> What you should do
Print exactly, and only, the lines from the one that has "Afro Benin Football" through the end of the material below, with both ends included and the pictures omitted.

> Available data
BEGIN
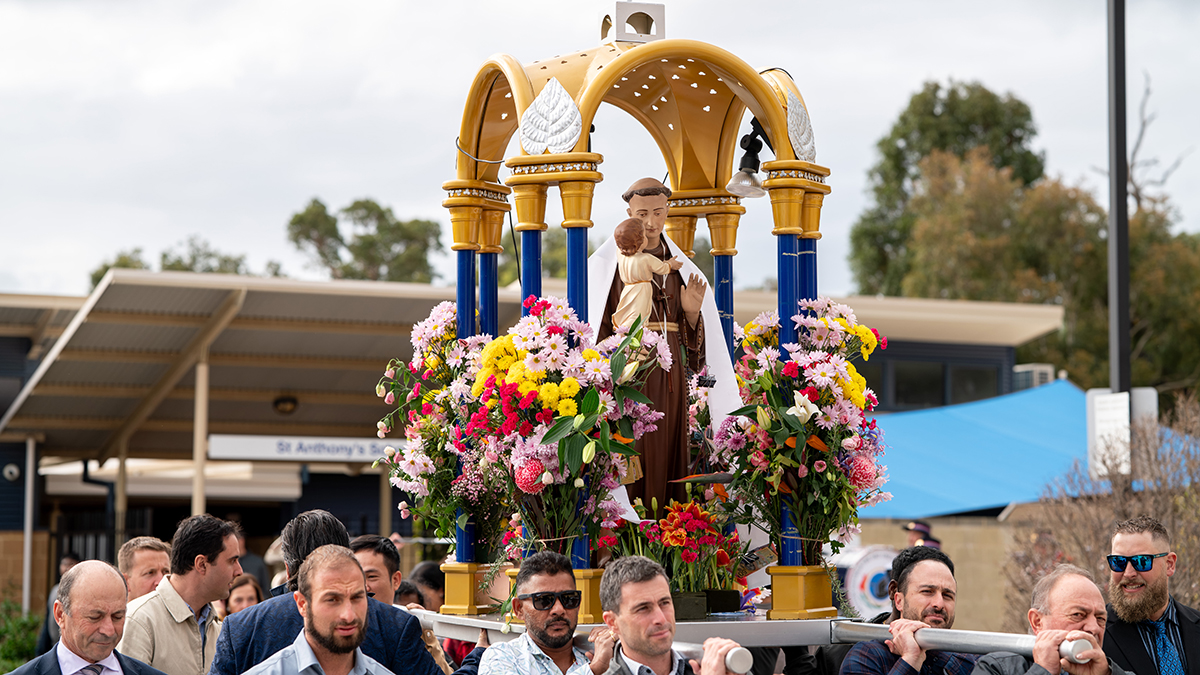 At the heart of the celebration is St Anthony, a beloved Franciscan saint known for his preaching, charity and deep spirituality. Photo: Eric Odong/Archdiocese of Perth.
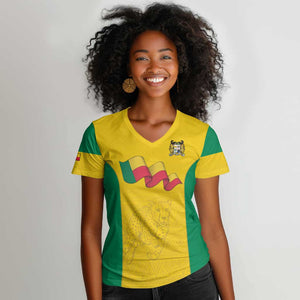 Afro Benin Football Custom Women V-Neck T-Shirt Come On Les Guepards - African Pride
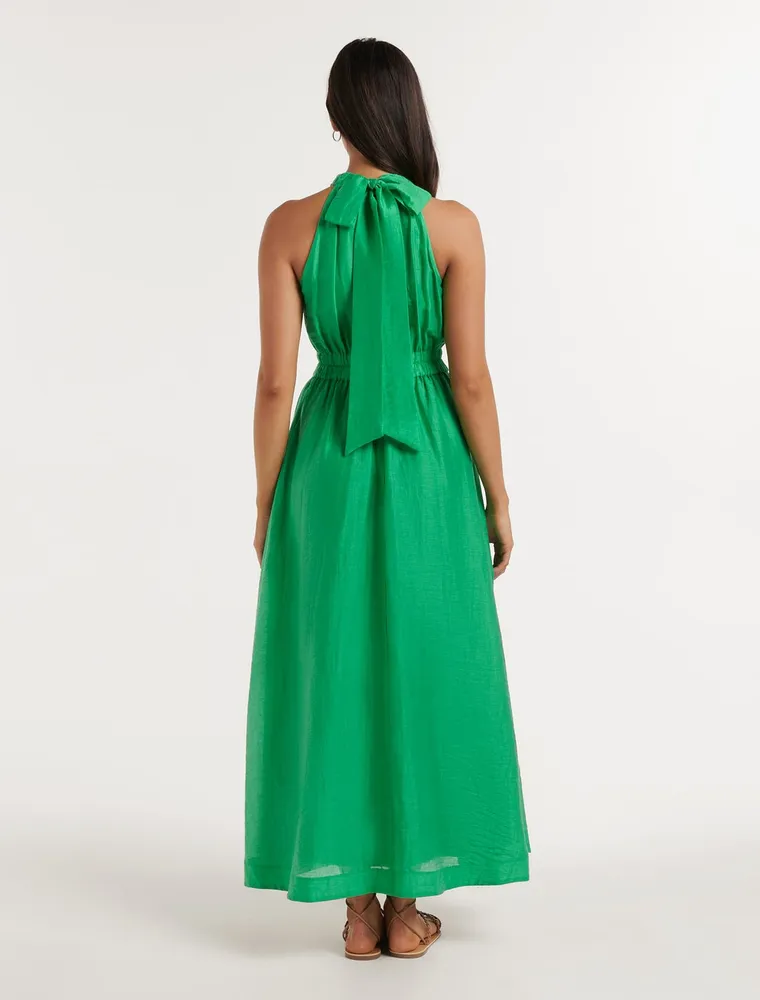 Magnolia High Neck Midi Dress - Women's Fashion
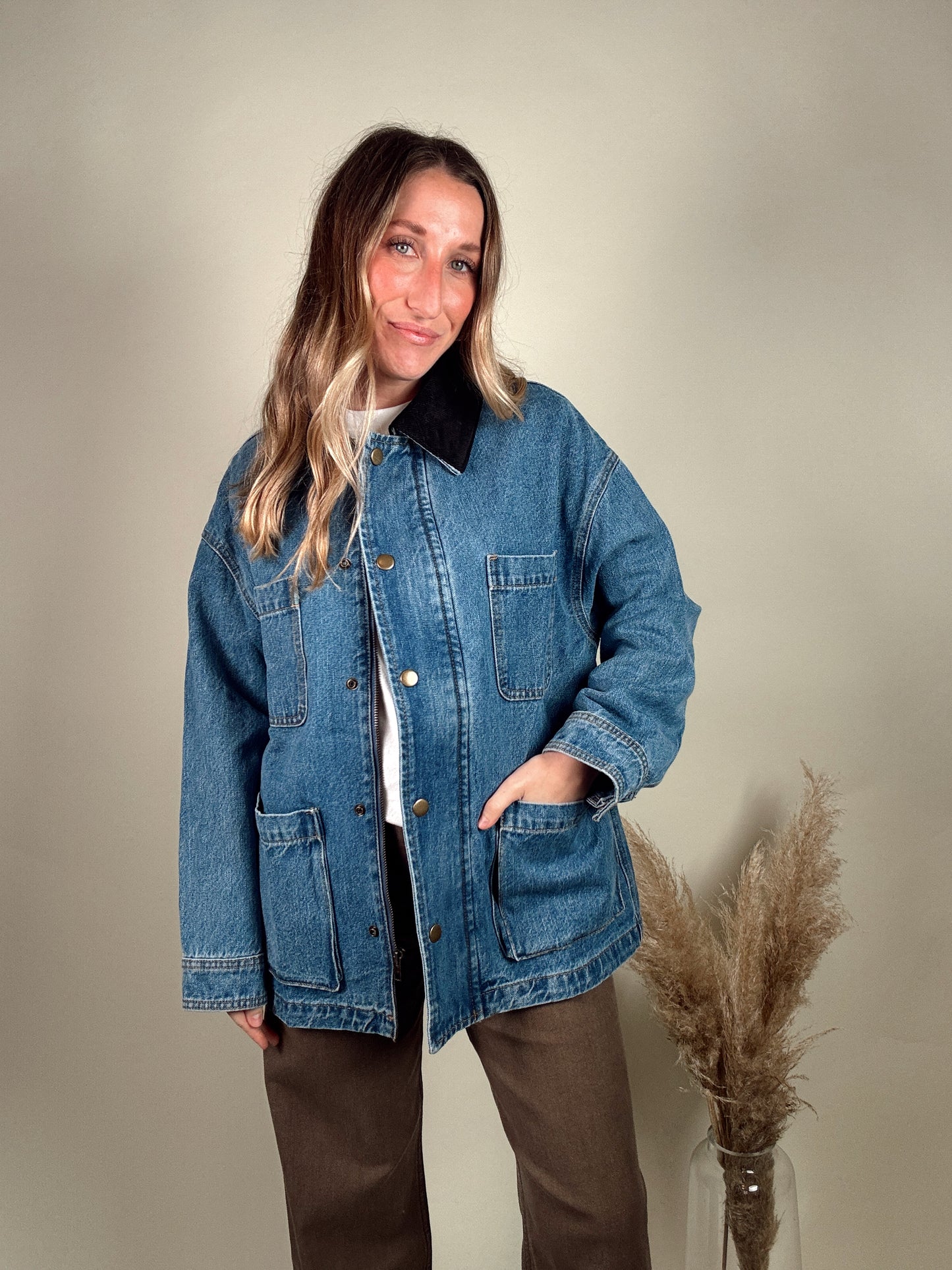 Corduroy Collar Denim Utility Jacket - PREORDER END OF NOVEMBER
END
> Exercise result
 Afro Benin Football Custom Women V-Neck T-Shirt Come On Les Guepards - African Pride
 Magnolia High Neck Midi Dress - Women's Fashion
 Corduroy Collar Denim Utility Jacket - PREORDER END OF NOVEMBER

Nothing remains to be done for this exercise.